You may have noticed from my dating and timing of this entry that I'm sat in a Starbucks as I write this. Avid blog followers will be well acquainted by now with my penchant for holing up in coffee shops, but I accept little blame for this misdemeanour this evening as it's pretty hard to avoid them here. I think I've counted about 7 Starbucks on my wanderings so far. My willpower may have walked me past 1, maybe even 3, but not 7; I took it as a sign. These 7 Starbucks quite accurately portray what kind of a city Kuala Lumpur is; it's London, just taller and hotter and with more "massage" parlours. It's unlike any place I've seen on my travels so far in that it's so current, so familiar, so bang up-to-date and on trend with everything you would expect from a modern Western city. It has the most ethnically diverse demographic of any city I've seen so far, largely due to the number of ex-pats living and working here. You can hardly blame them either, they have all the amenities of the developed world at their fingertips, food and drink are still a third of the price they are at home, and you're only a one hour plane journey away from the beaches of Thailand; beats an hour's drive from London to Southend doesn't it.
So what have we been doing in this modern metropolis? Well, pretty much what you would do in any Capital city I guess; shopping, eating, going to the top of tall buildings to look at the view, drinking beer on the street. (OK, maybe you wouldn't do that last one in London, but it would be defnitely be de rigueur in say, Swansea?). I must not detract from the splendour of the views though, this afternoon we went to the top of the KL Tower, some 335 metres in the sky, and saw below us a landscape of soaring concrete and industrialism. There are lots of facts and figures at the information centre in the Tower, proudly showing how it favourably compares in height to other world towers. You don't need the statistics when you're up there though, this tower looks down on buildings that when you were next to them on the ground gave you whiplash from staring up at them.
You know how when you're on a plane and about to land, everything looks like a Lego village, cars like motorised toys and people the invisible ants which operate them? Well that's how Kuala Lumpur makes you feel when you're standing in it, like a tiny little insect dwarfed by over-sized buildings. Everything here is on a giant scale (even my coffee looks a little bigger than a Grande at home), Will and I have been two little Lego people craning our necks to get our bearings. On our way to take photos of the illuminated Petronus Towers last night I suggested we consult a map. Will thought this hilarious and unnecessarily cautious given that 'it's not very likely we're going to lose them is it, we'll just look up and walk in a straight line towards those massive glowing blocks in the sky.' Point well made.

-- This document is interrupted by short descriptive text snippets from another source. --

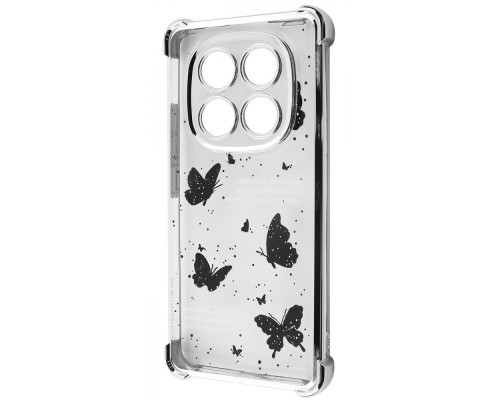 Чохол WAVE Winkie Xiaomi Redmi Note 14 Pro 4G 162.2mm silver/butterfly 2003000254549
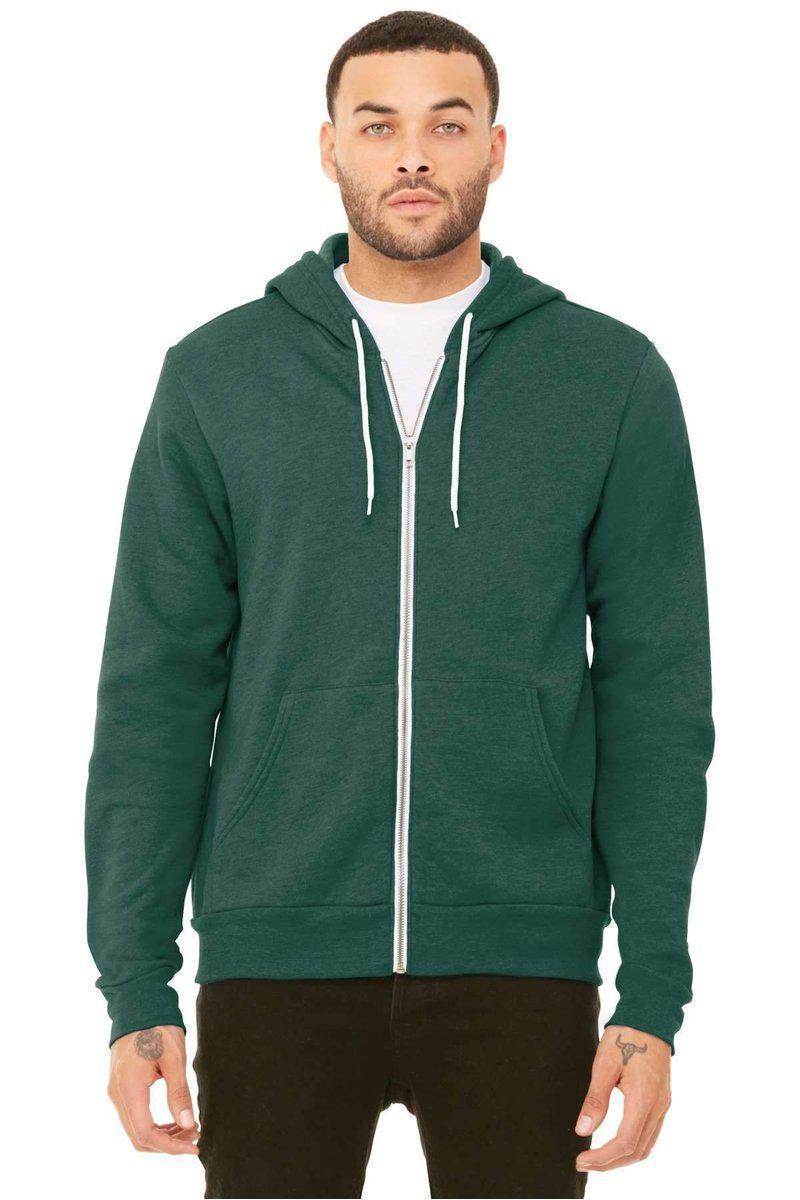 Bella Canvas Sweatshirts/Fleece Bella+Canvas 3739: Unisex Sponge Fleece Full-Zip Hoodie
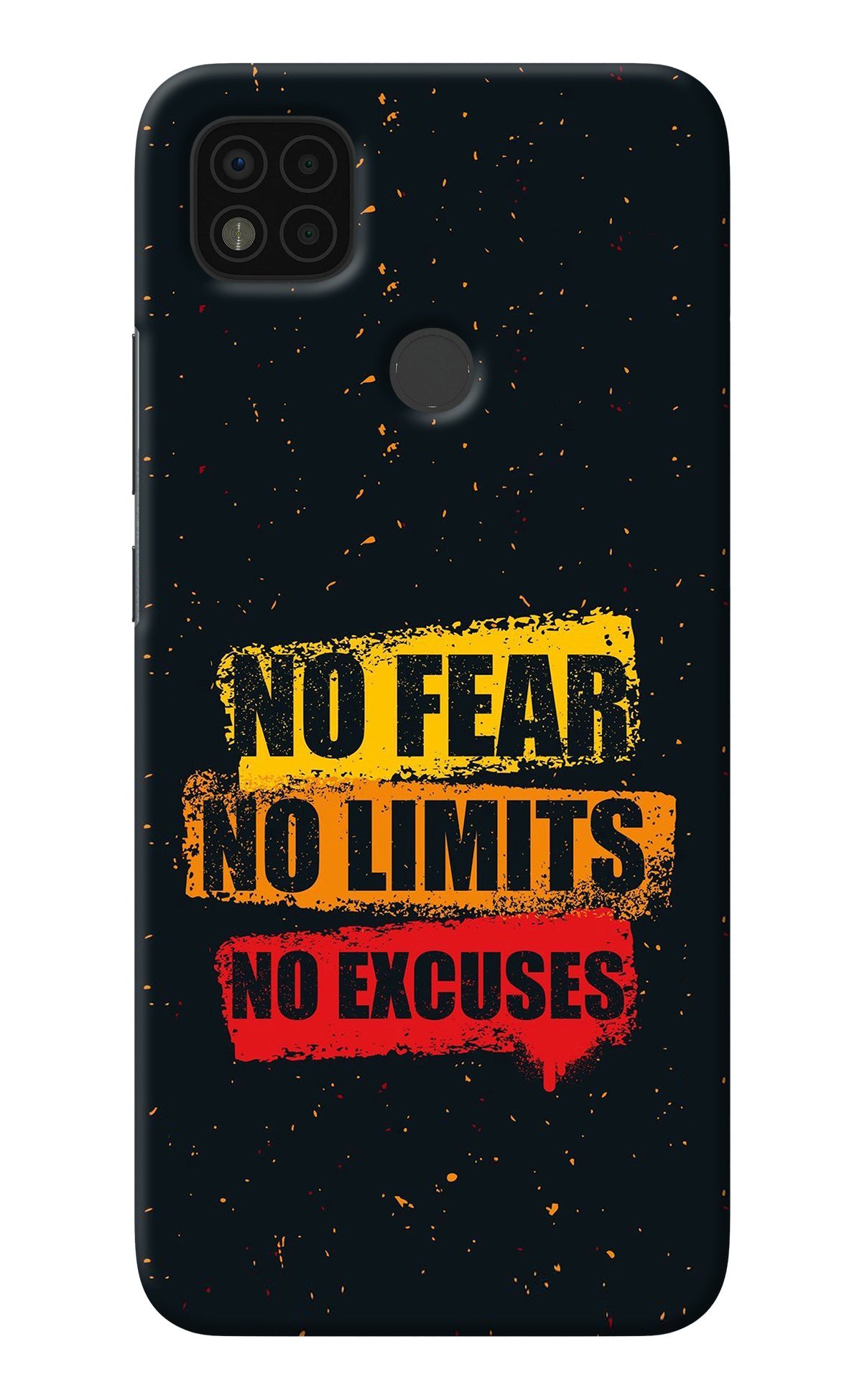 No Fear No Limits No Excuse Poco C31 Back Cover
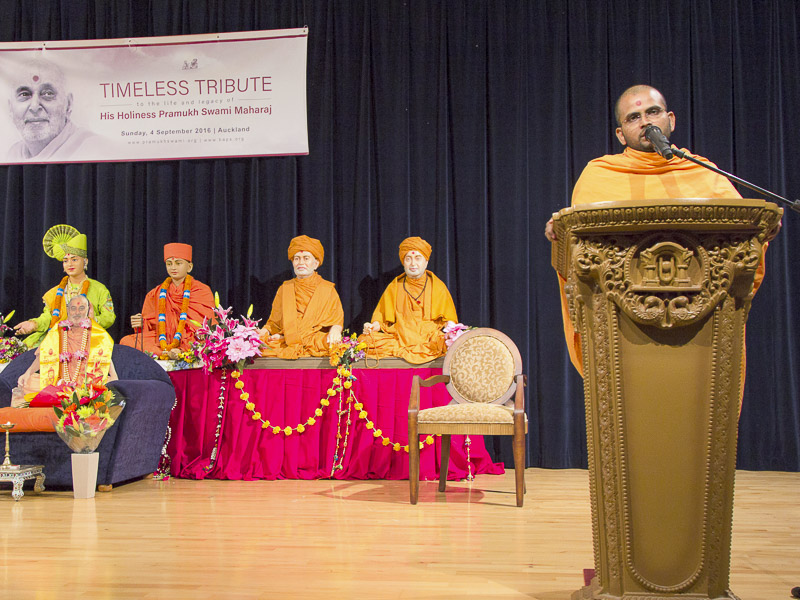 Tribute Assembly in Honor of HH Pramukh Swami Maharaj, Auckland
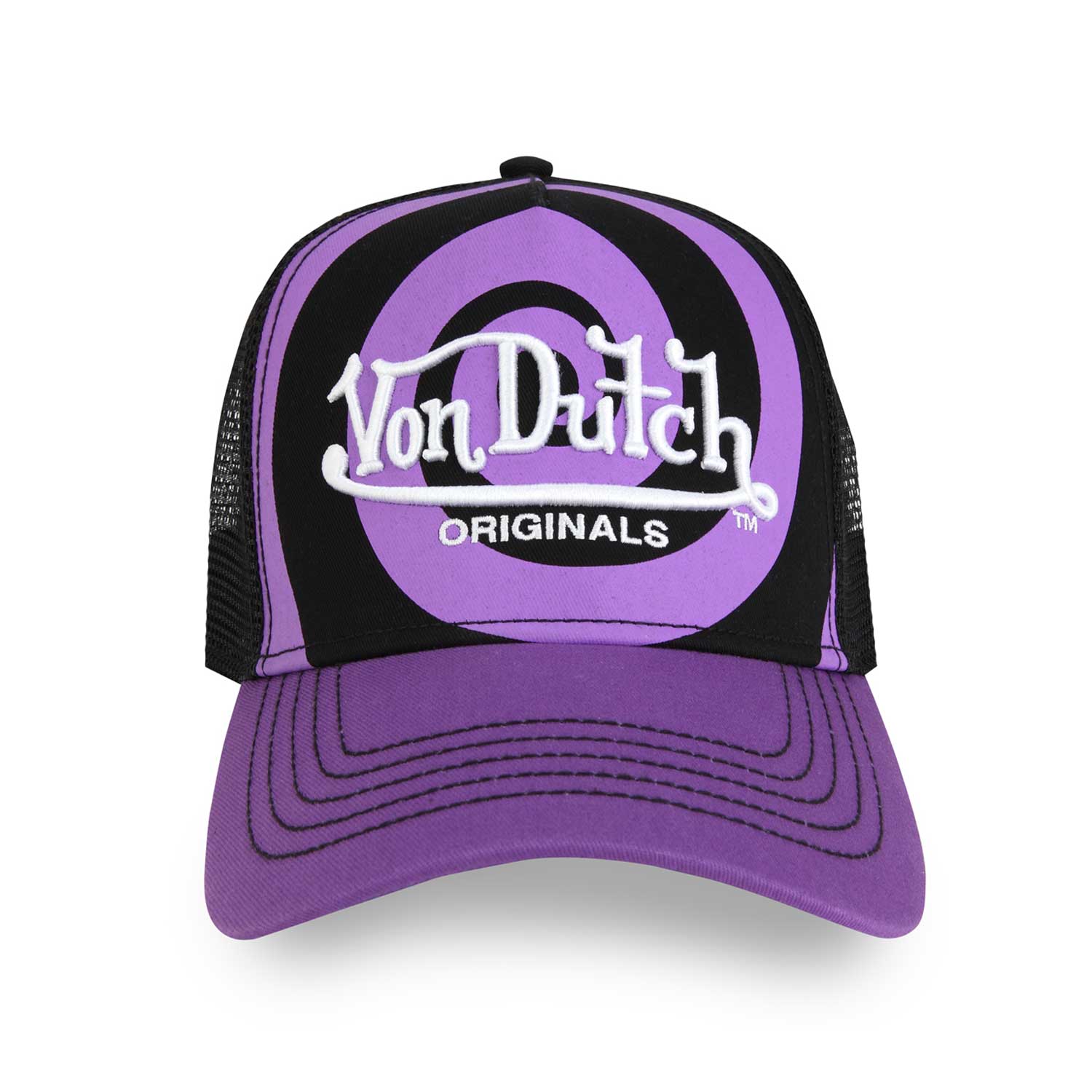 Von Dutch Wonderland Swirl Purple & Black Trucker Hat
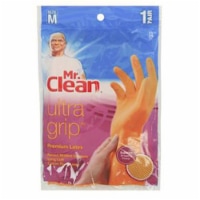 Mr. Clean Ultra-Grip Medium Premium Latex Gloves - Orange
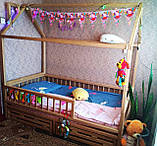 Дитяче ліжечко-будиночок з дерева (з Вільхи/Липи/Ясеня) "Вінні Пух", фото 2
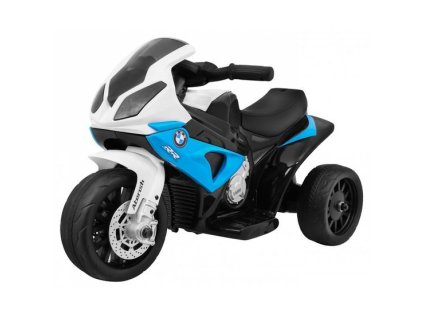 Dětská elektrická trojkolka BMW S1000 RR modrá
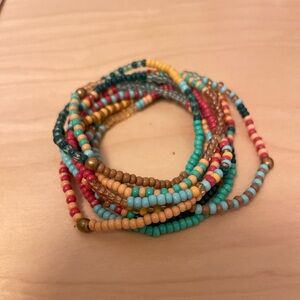 Noonday Collection color wheel bracelets set of 9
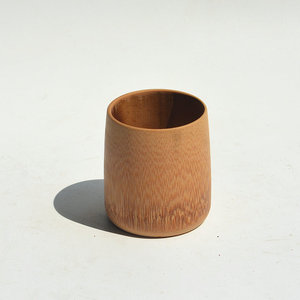 Tasse à saké japonaise tasse <span class=keywords><strong>en</strong></span> <span class=keywords><strong>bois</strong></span> de bambou sculpté antique tasse à thé naturelle pour thé vin café artisanat d'art populaire traditionnel de Chine - Product Image 4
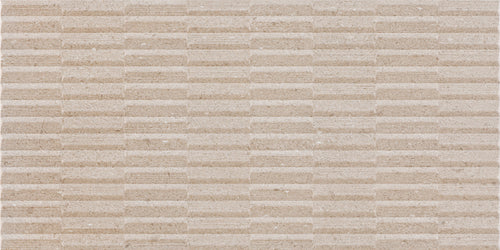 Faïence murale relief Blunt Mosaic Taupe 30x60 cm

We've had a fun-filled, action-packed two days here together. We've been to a city zoo (where they fed a live chicken to a boa constrictor - probably not standard Animal Rights zoo practice), we've eaten spicy noodles in local kitchens that nearly blew our heads off, we've shopped for, as Will puts it, 'tacky Asian shit' in the Central Market, we've played arcade video games - turns out I'm much handier in a Formula One simulator than I am in an actual car, we've haggled our way through the stolen goods of Chinatown, and we've given hungry fish our aching feet to nibble on. I've done this before so was prepared, Will giggled like a schoolgirl. Two days here was enough though, enough time spent minimised like a Lego person drowning in commercialism, enough time to make a new friend.
When I was in Siem Reap in Cambodia, way back in mid-December, I bought myself a long silver chain. Since then I have purchased one pendant in every country I have visited and have been systematically adding them to my necklace and wearing it all the time as a talisman of my travelling experiences. It's gradually getting heavier, I'll probably look like Mr T. by the time I get to Australia, weighed down with bling from 11 countries. Each charm has been carefully chosen to carry symbolic reference for me with regards to where it represents - an elephant for Thailand, a star from Vietnam's Communist flag, a silver hoop, a 'tube' for Laos, and for Cambodia, a pendant in the shape of a teardrop filled with vines and flowers. I bought that one the day after I had spent an afternoon in the gardens of the Killing Fields. So what, I wondered, should I add to succinctly say 'Malaysia' to me in the future?
I searched a few jewellery shops and street stalls earlier this evening for a charm that would pass for a tower, Kuala Lumpur being a city so recognisable by it's high rise feats of engineering. But then I came across the pendant that now hangs rightfully from my neck, as soon as I saw it I knew it had to be this one. A small silver hand. Because this hand, Will's hand, has, more than anything, been what Kuala Lumpur has meant to me. No amount of sight-seeing, market dwelling, rooftop views or any other Asian city delights can compete with the fact that here, it was important for me to have a friend. Sometimes you know, where we are is insignificant, as long as there's another person's hand to hold when you need it.